Stone countertops not just add value to kitchens, baths, they are an excellent decision for durability. Regardless of whether you pick concrete, granite, limestone, marble, quartz, or soapstone, it is important to figure out how to care for each sort of stone countertop to avoid damage.
Here are some general care tips that apply to all types of stone countertops:
- Always protect counters from hot pots, pans, and dishes of food. Extreme heat can cause a thermal shock, which may crack stone countertops. Use trivets that allow airflow under the hot item, particularly slow cookers that expose counter surfaces to heat for several hours.
- Never stand or sit on stone countertops as it may cause breaks if subjected to being overweight.
- Pay attention on spills and wipe them up quickly. Most stone is sensitive to acidic foods like wine, citrus juices, etc.
- Avoid chopping or slicing directly on the stone counter to prevent scratches. Always use a cutting board.

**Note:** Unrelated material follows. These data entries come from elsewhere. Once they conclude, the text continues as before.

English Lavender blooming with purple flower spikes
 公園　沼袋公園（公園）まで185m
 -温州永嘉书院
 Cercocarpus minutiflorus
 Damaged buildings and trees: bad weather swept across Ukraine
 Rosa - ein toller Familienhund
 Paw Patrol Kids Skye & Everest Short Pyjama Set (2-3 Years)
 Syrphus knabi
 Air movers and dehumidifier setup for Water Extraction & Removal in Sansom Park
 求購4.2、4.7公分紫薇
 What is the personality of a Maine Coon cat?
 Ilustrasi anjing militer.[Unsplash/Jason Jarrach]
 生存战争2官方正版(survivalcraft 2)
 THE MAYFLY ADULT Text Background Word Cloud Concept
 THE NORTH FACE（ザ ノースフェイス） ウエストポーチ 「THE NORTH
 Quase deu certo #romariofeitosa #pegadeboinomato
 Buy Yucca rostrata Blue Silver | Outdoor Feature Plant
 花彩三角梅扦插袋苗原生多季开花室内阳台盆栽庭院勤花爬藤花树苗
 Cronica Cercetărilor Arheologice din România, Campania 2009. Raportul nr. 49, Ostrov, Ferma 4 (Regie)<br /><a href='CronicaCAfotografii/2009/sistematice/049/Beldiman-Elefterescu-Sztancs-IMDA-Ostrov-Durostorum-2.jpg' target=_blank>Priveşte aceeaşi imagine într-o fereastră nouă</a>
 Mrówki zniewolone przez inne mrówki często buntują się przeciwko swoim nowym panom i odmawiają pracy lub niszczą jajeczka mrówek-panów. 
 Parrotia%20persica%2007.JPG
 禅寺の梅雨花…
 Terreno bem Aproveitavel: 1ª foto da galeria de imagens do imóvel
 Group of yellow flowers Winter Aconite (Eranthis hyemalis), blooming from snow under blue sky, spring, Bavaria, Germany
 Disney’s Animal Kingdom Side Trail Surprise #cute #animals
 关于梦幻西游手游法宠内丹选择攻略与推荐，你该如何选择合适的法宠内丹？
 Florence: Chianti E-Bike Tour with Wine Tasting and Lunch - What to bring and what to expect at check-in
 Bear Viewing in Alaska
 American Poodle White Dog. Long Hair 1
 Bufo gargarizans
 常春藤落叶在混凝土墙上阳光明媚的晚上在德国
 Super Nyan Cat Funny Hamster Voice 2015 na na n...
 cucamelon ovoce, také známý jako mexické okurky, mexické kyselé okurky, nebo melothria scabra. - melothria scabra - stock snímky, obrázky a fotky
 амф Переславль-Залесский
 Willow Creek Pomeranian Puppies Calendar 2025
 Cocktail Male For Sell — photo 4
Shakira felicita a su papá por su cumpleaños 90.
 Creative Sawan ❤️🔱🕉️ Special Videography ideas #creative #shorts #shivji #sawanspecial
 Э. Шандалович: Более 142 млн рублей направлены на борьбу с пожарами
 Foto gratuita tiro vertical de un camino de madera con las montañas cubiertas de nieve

- In case your countertop have been finished with a sealant, it won’t keep going forever. Normal wear and tear remove the finish. How regularly you have to reseal depends on the type and nature of the stone and the color of the stone. Light-colored stone normally should be resealedevery three years while darker colors can go three to five years.
How to Clean Concrete Countertops
You may not consider concrete countertops as stone, but concrete is a mixture of finely crushed stone, sand, bond, and water. The mixture is poured into a mold, and after drying, forms a durable solid surface. The way to easy care for concrete countertops is how the countertop is sealed. It should be acid, heat, and scratch-resistant.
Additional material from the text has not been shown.